EXERCISE DESCRIPTION:
Exact copy, pictures excluded: please retype the lines from the start of the material through the line containing "con trai Zidane ra mat Real Madrid anh 13", both ends included, and nothing more.

*** Opening DATA SECTION ***

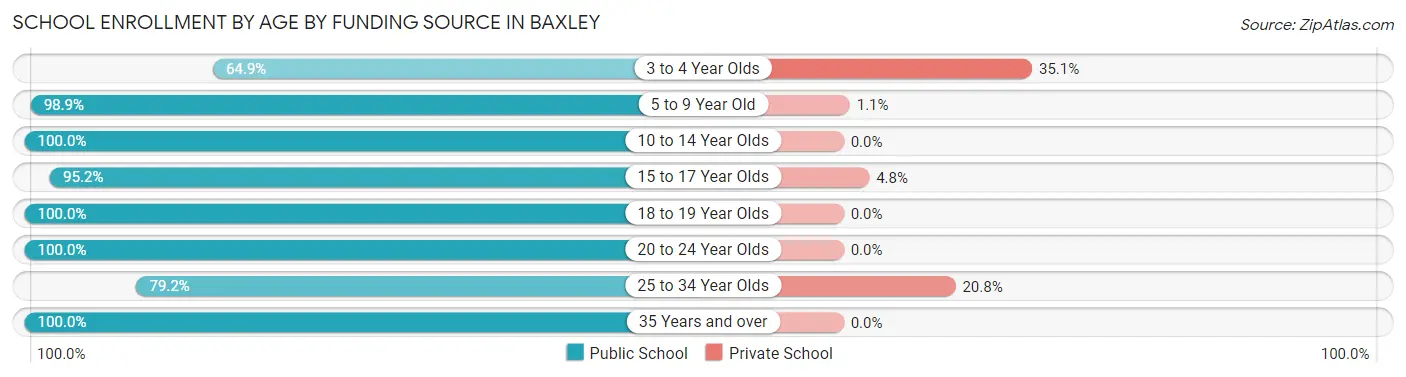 School Enrollment by Age by Funding Source in Baxley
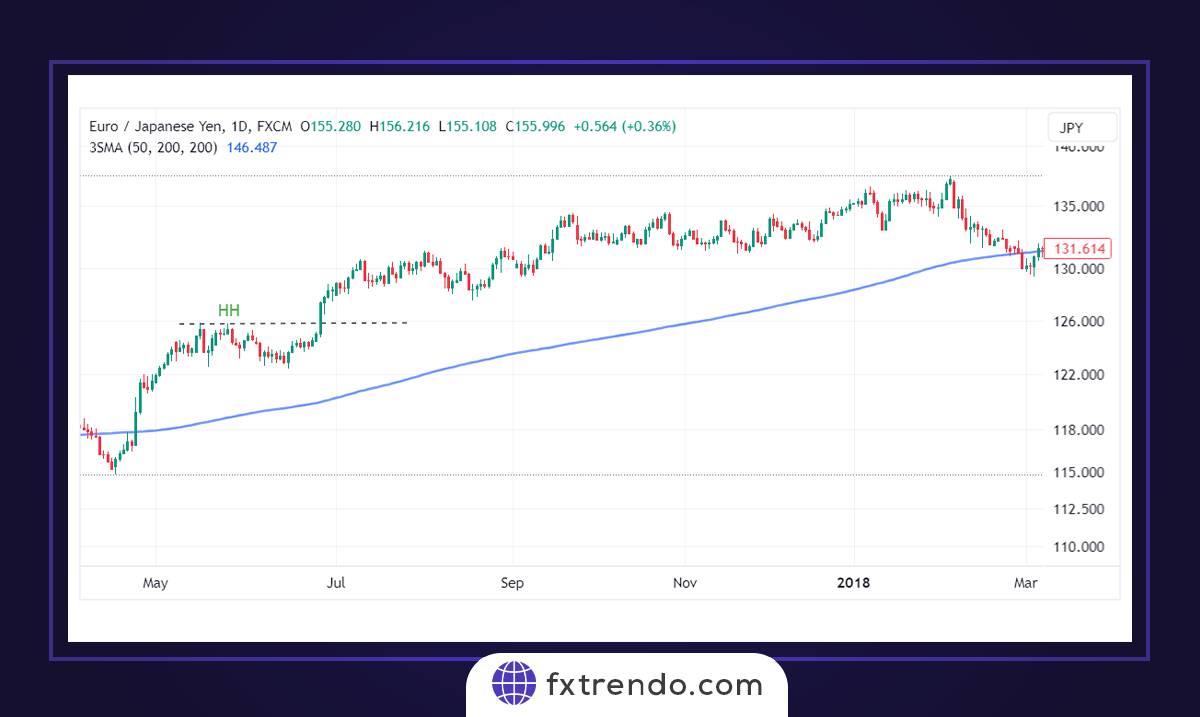 Торговые стратегии с использованием 200 периодических SMA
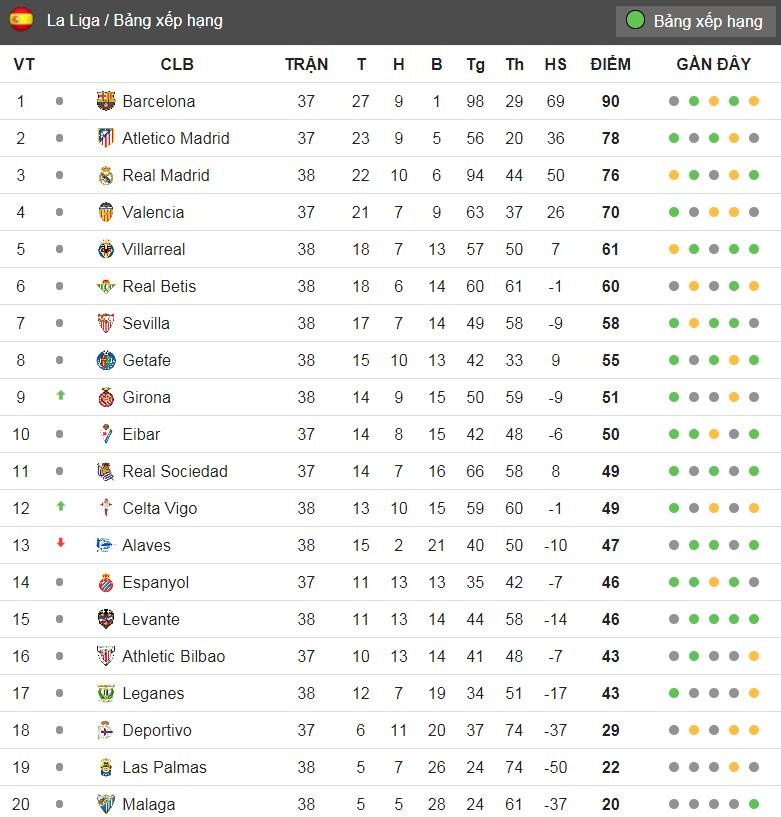 con trai Zidane ra mat Real Madrid anh 13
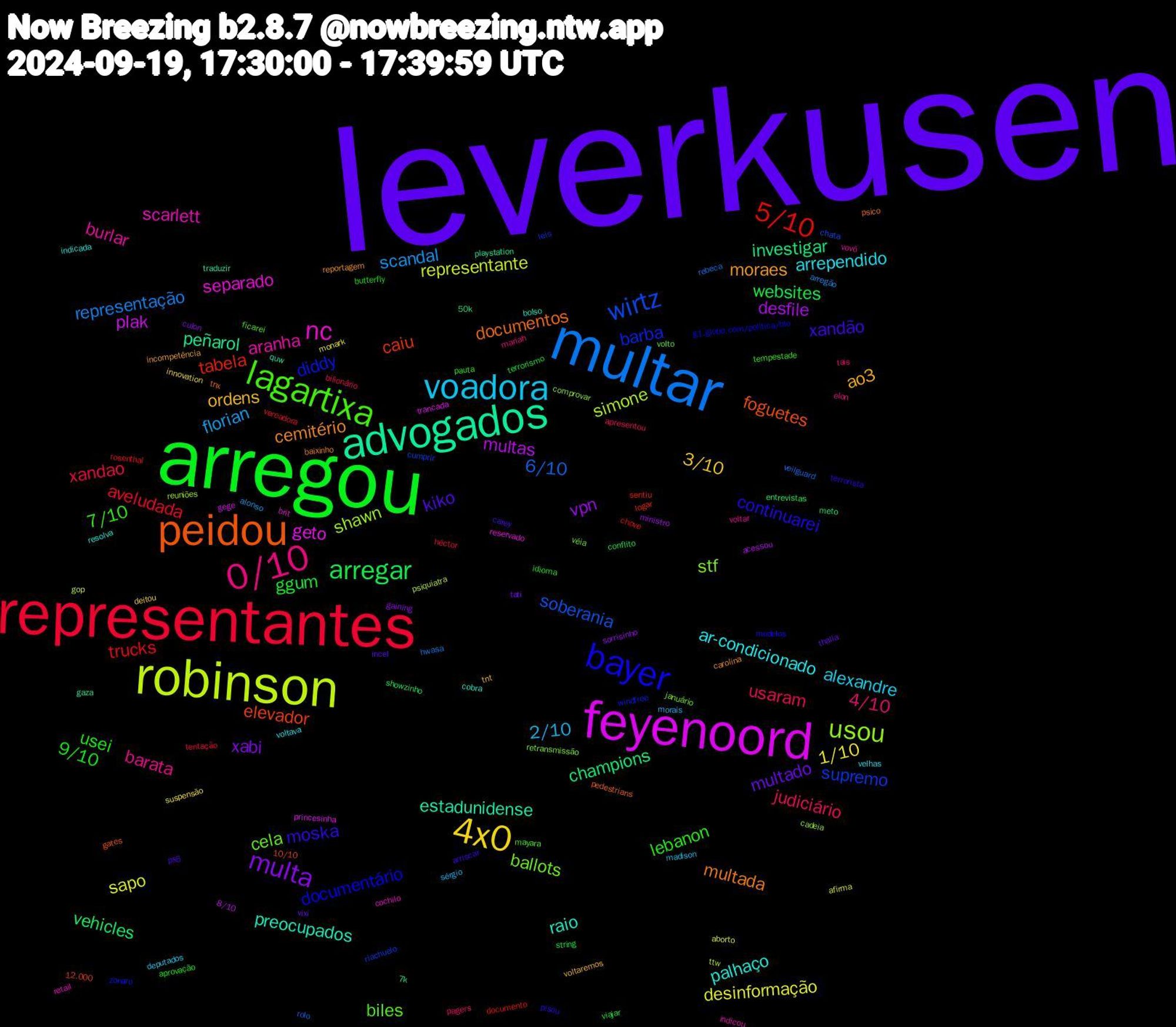 Word Cloud; its top words (sorted by weighted frequency, descending):  leverkusen, arregou, representantes, multar, robinson, feyenoord, advogados, peidou, bayer, lagartixa, 0/10, voadora, 4x0, multa, arregar, 5/10, wirtz, usou, nc, raio, cemitério, xandão, usei, usaram, scandal, sapo, multas, investigar, elevador, diddy, cela, burlar, arrependido, ordens, multado, ggum, aveludada, 6/10, simone, geto, estadunidense, documentos, continuarei, 7/10, 4/10, 2/10, 1/10, vpn, vehicles, tabela, supremo, stf, scarlett, palhaço, moraes, kiko, 9/10, xandao, representação, representante, plak, peñarol, foguetes, documentário, biles, barata, alexandre, 3/10, xabi, websites, trucks, soberania, shawn, separado, preocupados, multada, moska, lebanon, judiciário, florian, desinformação, desfile, champions, caiu, barba, ballots, aranha, ar-condicionado, ao3, thalia, terrorismo, tentação, rebeca, psiquiatra, princesinha, playstation, pedestrians, modelos, mayara, mariah, madison, innovation, gaining, entrevistas, documento, cumprir, comprovar, cochilo, cobra, carolina, carey, butterfly, bilionário, arregão, aborto, 8/10, 7k, 10/10, zonaro, volto, voltar, velhas, tnt, tati, string, rosenthal, rolo, reuniões, reservado, quw, psico, pisou, pauta, pagers, morais, monark, ministro, meto, logar, leis, januário, indicou, indicada, incompetência, incel, idioma, héctor, hwasa, gop, gege, gaza, gates, g1.globo.com/politica/blo, ficarei, elon, deputados, deitou, culon, conflito, chove, chata, cadeia, brit, bolso, baixinho, arriscar, aprovação, apresentou, alonso, afirma, acessou, 50k, 12.000, windfree, véia, vovô, voltava, voltaremos, vixi, viajar, vereadora, veilguard, ttw, trancada, traduzir, tnx, terrorista, tempestade, tais, sérgio, suspensão, sorrisinho, showzinho, sentiu, riachuelo, retransmissão, retail, resolva, reportagem, ps5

*** Closing DATA SECTION ***

RESPONSE BELOW:
 School Enrollment by Age by Funding Source in Baxley
 Торговые стратегии с использованием 200 периодических SMA
 con trai Zidane ra mat Real Madrid anh 13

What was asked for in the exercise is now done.